Frau Metz, was lernen Frauen und Mädchen in Ihren Kursen?

Birgit Metz: Unser Vereinszweck ist die Prävention, also Gewalt zu verhindern. Dafür ist es notwendig, dass Frauen, Mädchen und TINA-Personen ihre eigenen Grenzen spüren lernen, die ernst nehmen und frühzeitig auf Situationen reagieren. Ein Beispiel wäre, dass eine Frau das Gefühl hat, sie wird verfolgt. Ein Mann hat sie vielleicht schon im Supermarkt beobachtet, sie verlässt den Supermarkt und hat ein schlechtes Gefühl. Kurz bevor sie zu Hause ankommt, wird sie von dem Mann belästigt oder attackiert. Hier geht es darum, dass die Frau lernt, ihre Gefühle ernst zu nehmen, und Handlungsmöglichkeiten an die Hand bekommt. Das geht von Körpersprache, Stimme, sich Hilfe holen bis hin zu Notwehr. Es ist also ein ganzheitliches Konzept, kein reiner Selbstverteidigungskurs. Wir sind in Nordbayern die einzige Einrichtung, die solche Kurse anbietet. Ansonsten gibt es noch freie Trainerinnen.

Frauen Selbstbehauptung und Selbstverteidigung beizubringen, kann nur ein Baustein im Kampf gegen geschlechtsspezifische Gewalt sein. Was ist noch nötig?

Wir arbeiten mit Mädchen und Frauen, aber wer arbeitet mit den Jungs und den Männern an ihrem Rollenbild? Natürlich gibt es auch Jungs und Männer, die Opfer sind. Was alle gemeinsam haben, ist, dass wir Betroffene der patriarchalen Strukturen sind, die einfach sehr enge Rollenbilder vorgeben. Die Tendenz in unserer Gesellschaft ist, dass das verstärkt wird. Was es braucht, sind strukturelle Veränderungen. Für mich gehört der respektvolle Umgang miteinander auch in die Schule. Hinsehen, Haltung zeigen – das müssen wir noch viel mehr.

"Es ist ein Grundrecht, dass wir vor Gewalt geschützt werden"

Ihr Angebot wird vor allem von der Stadt finanziert, Sie müssen aber auch einen Teil selbst erwirtschaften. Am 18. September wollen Sie vor dem Nürnberger Rathaus für mehr Unterstützung werben. Warum an diesem Tag?

Dann soll im Nürnberger Stadtrat der kommunale Aktionsplan zur Umsetzung der Istanbul-Konvention beschlossen werden. Das ist ein Übereinkommen zur Verhütung und Bekämpfung von geschlechtsspezifischer Gewalt.

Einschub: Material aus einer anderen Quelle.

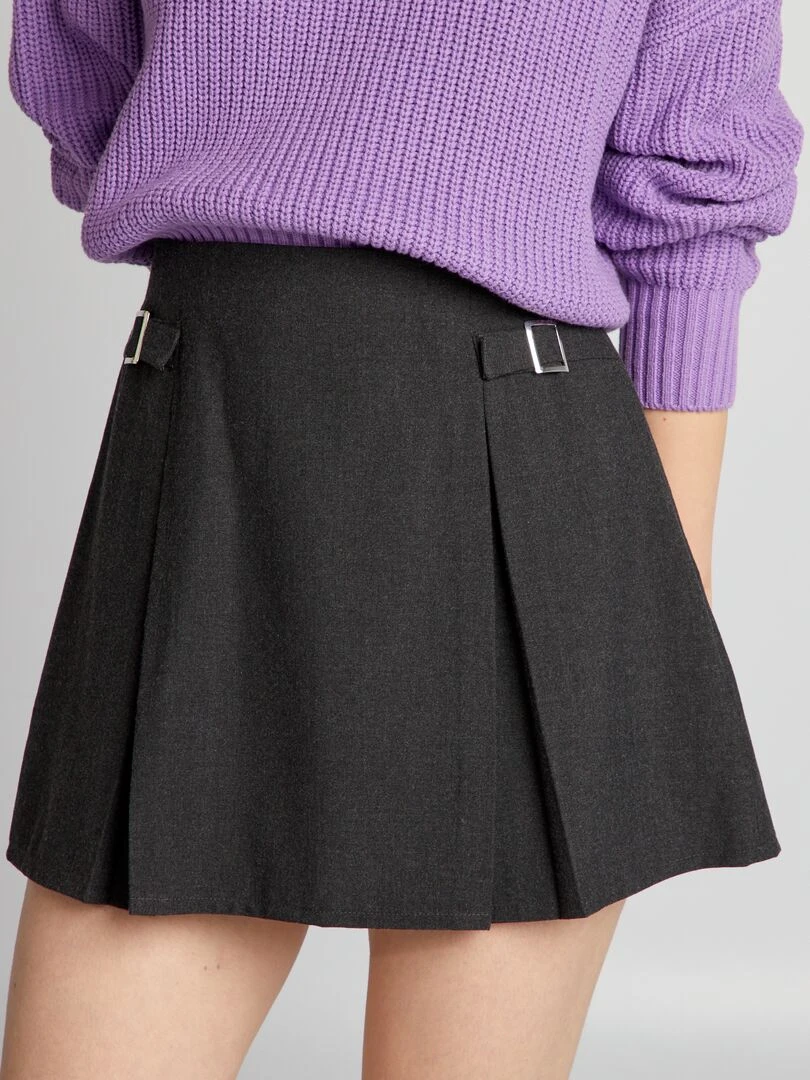 Jupe courte plissée avec boucles   Gris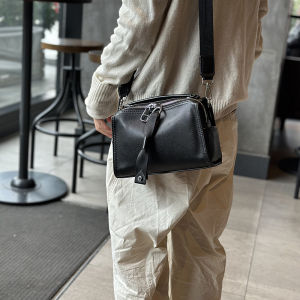 BeeGreen Women Real Leather Classic Boston Bag Fashion Wide Strap Shoulder Bag Elegant Small Handbag Commuter Bag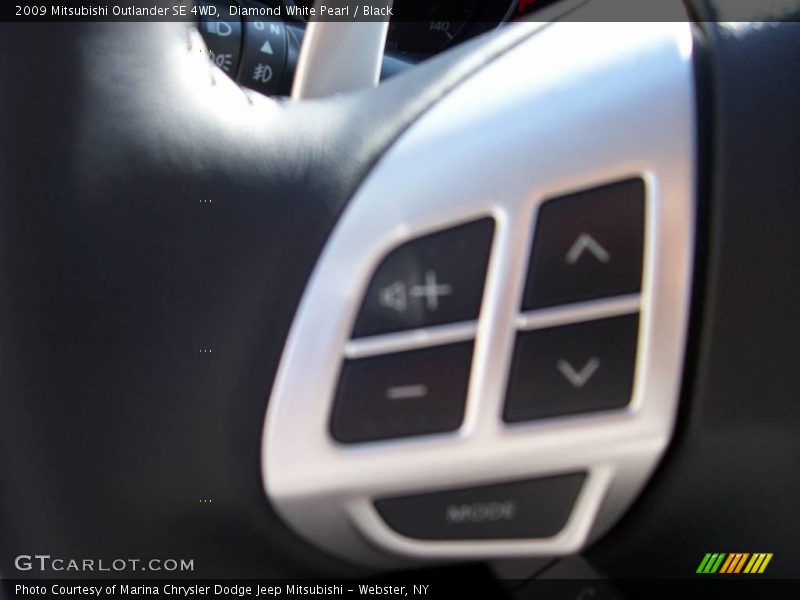 Diamond White Pearl / Black 2009 Mitsubishi Outlander SE 4WD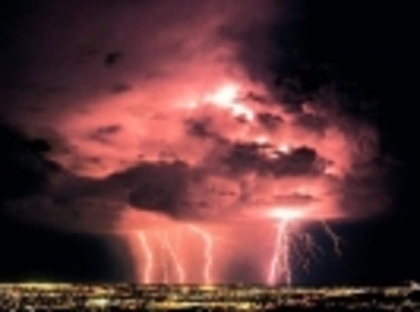 fulger_33_20110804_1175880280[1]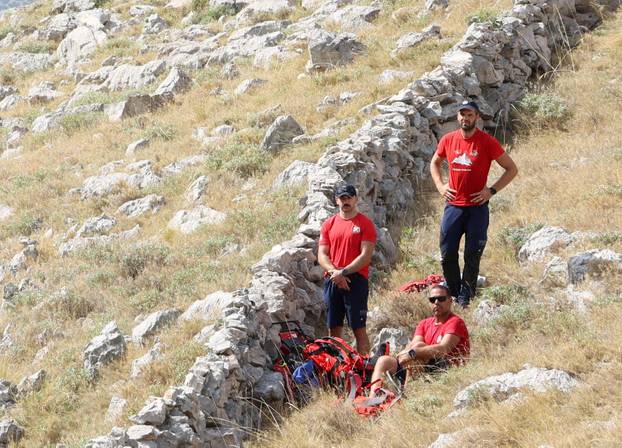 Šibenik:Na Kornatima obilježena 19. godišnjica tragedije u kojoj je poginulo 12 vatrogasaca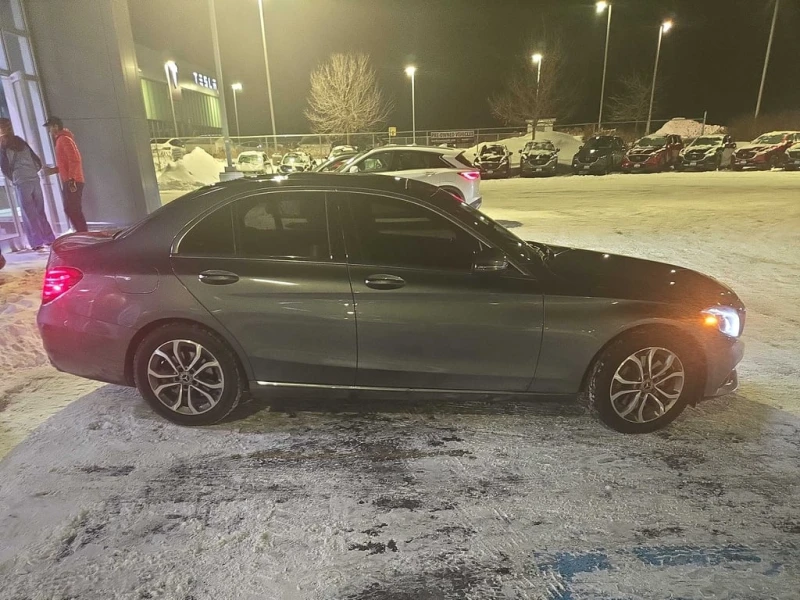 Mercedes-Benz C 300 * CARFAX * ЦЕНА ДО БГ, снимка 4 - Автомобили и джипове - 53174403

In dem Aktionsplan ist aber nicht vorgesehen, dass unser Verein endlich eine gute Basisfinanzierung bekommt. Wir müssen immer wieder Anfragen von sozialen Einrichtungen oder Firmen absagen, weil wir zu wenig Leute haben. Dazu steht bei uns ein Generationenwechsel an, wir müssen neue Kursleiterinnen ausbilden. Wenn es darum geht, tatsächlich eine Vergewaltigung zu verhindern, dann ist das kein "Nice to have". Es ist ein Grundrecht, dass wir vor Gewalt geschützt werden und es nicht ausschließlich dann Unterstützung gibt, wenn wir bereits Opfer geworden sind.